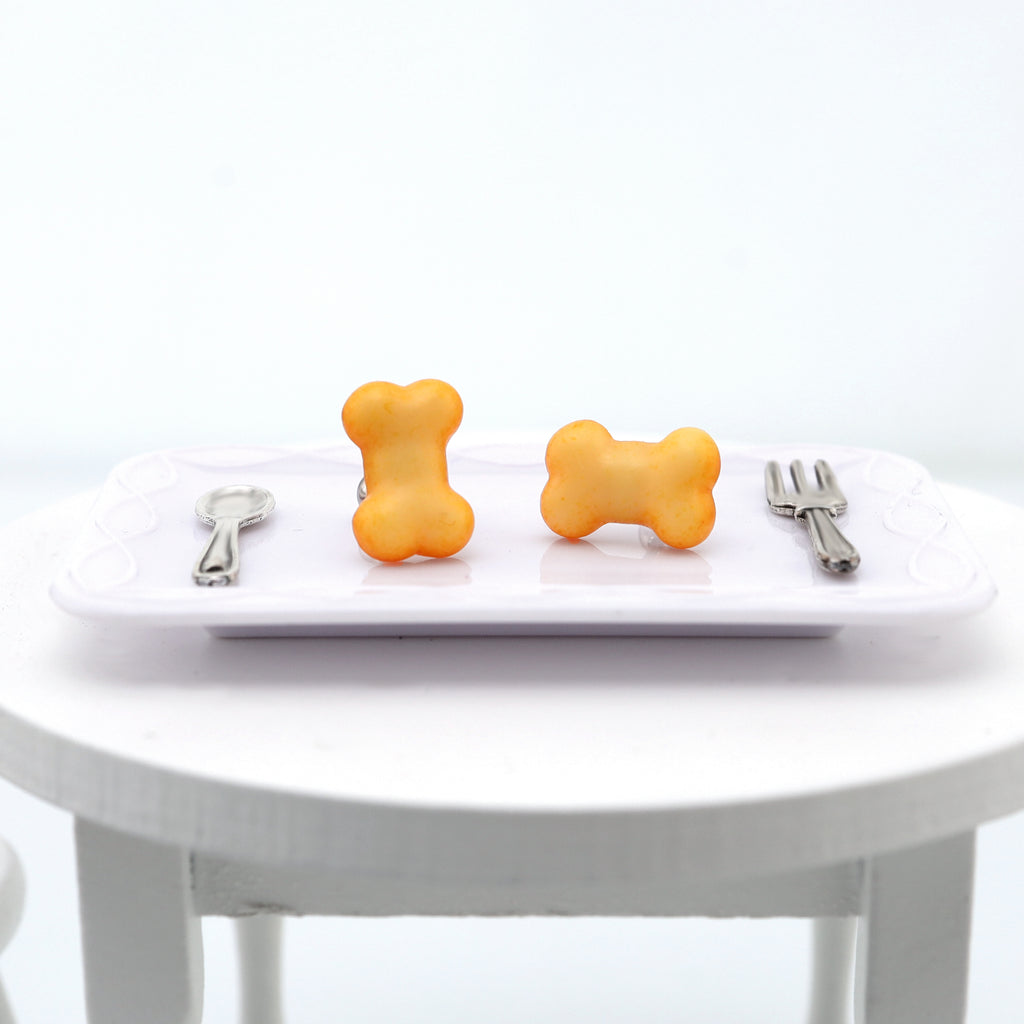 Star Baker - Resin Puppy's Bone Bread Stainless Steel Ear Studs - Star Baker - Resin Puppy's Bone Bread Stainless Steel Ear Studs - Set / 0.8mm/20G by CRUXJEWELRY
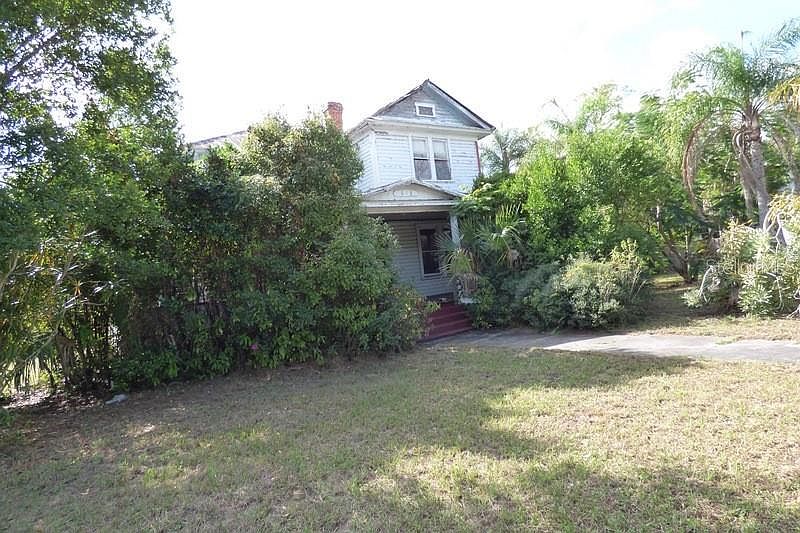 1st image of 618 E Oak St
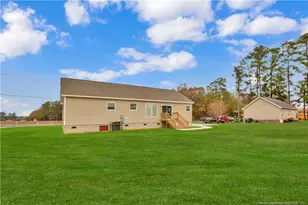 1600 Piney Grove Rd, Lumberton, NC 28360 - Photo 7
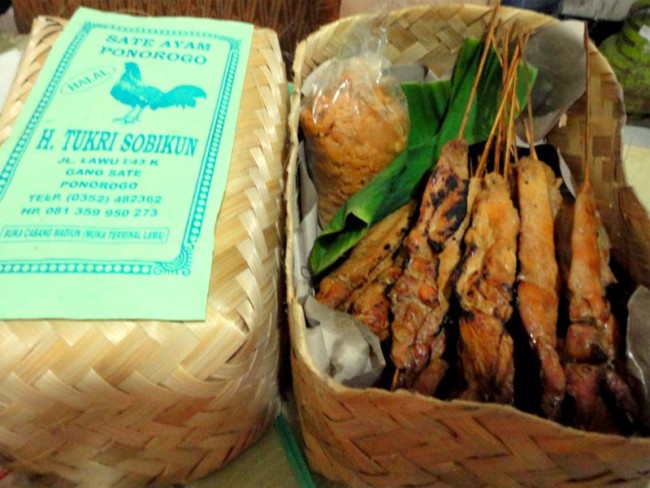 Hidangan kemasan sate ponorogo berupa Besek yang terbuat dari anyaman bambu, menjadi khas ikonik dari Sate Ayam Ponorogo. (Foto: bob.kemenparekraf.go.id)
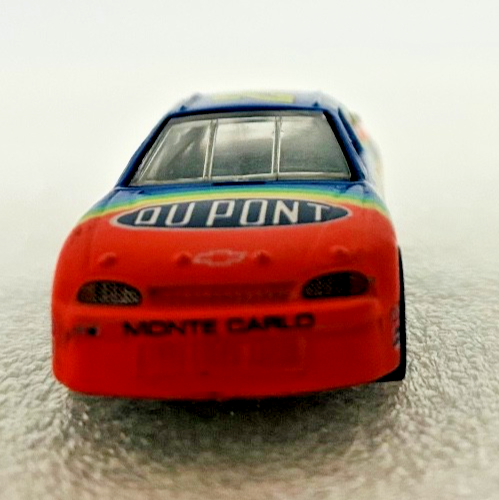 1997 Racing Champions Jeff Gordon #24 DuPont NASCAR Diecast Car + Card Stand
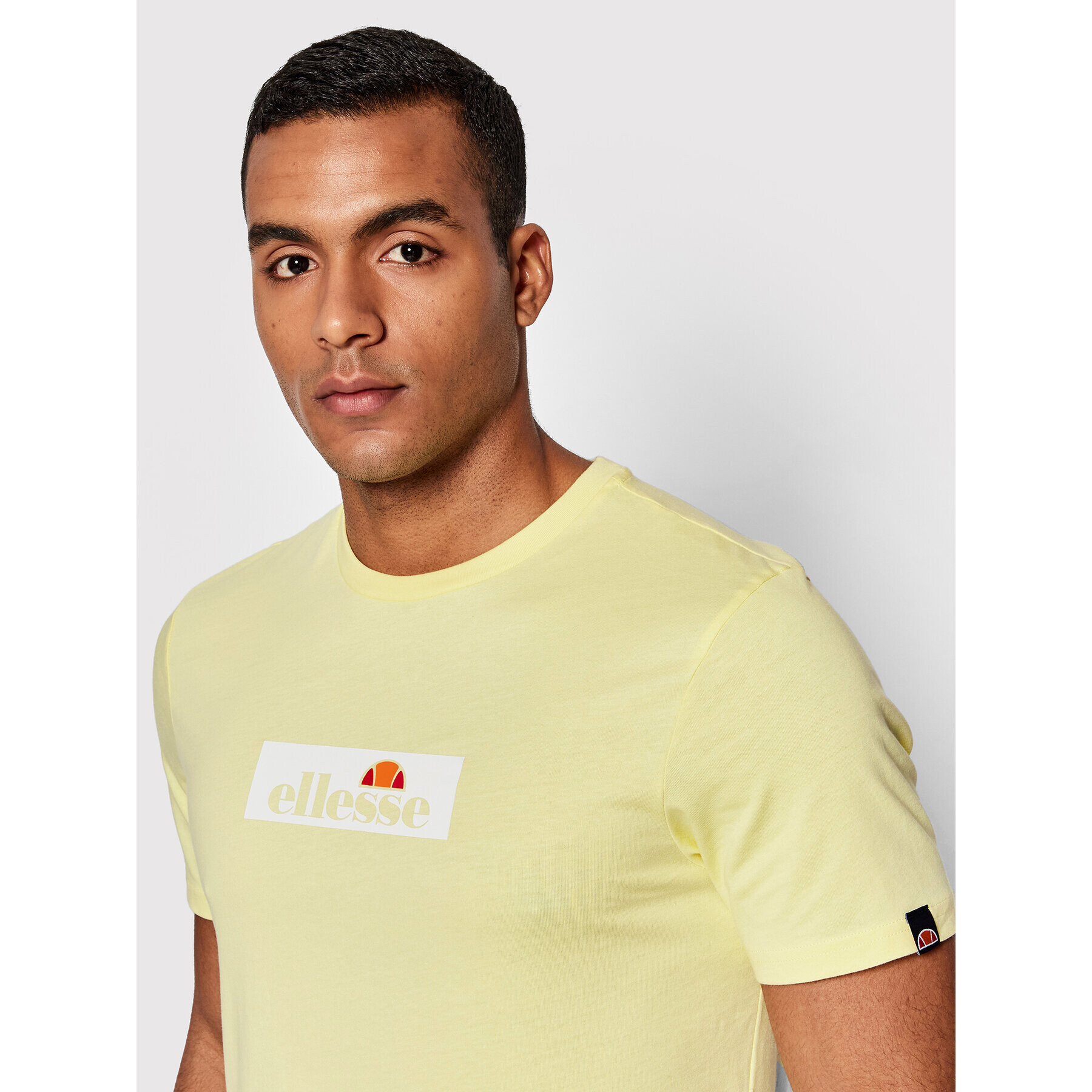 Ellesse Tricou Tilanis SHN15201 Galben Regular Fit - Pled.ro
• • • • • • •
What needs to be done: Repeat, exactly and with no pictures, each line from the line that holds "1997 Racing Champions" through the last line of the records above.

Response below:
 1997 Racing Champions Jeff Gordon #24 DuPont NASCAR Diecast Car + Card Stand
 Ellesse Tricou Tilanis SHN15201 Galben Regular Fit - Pled.ro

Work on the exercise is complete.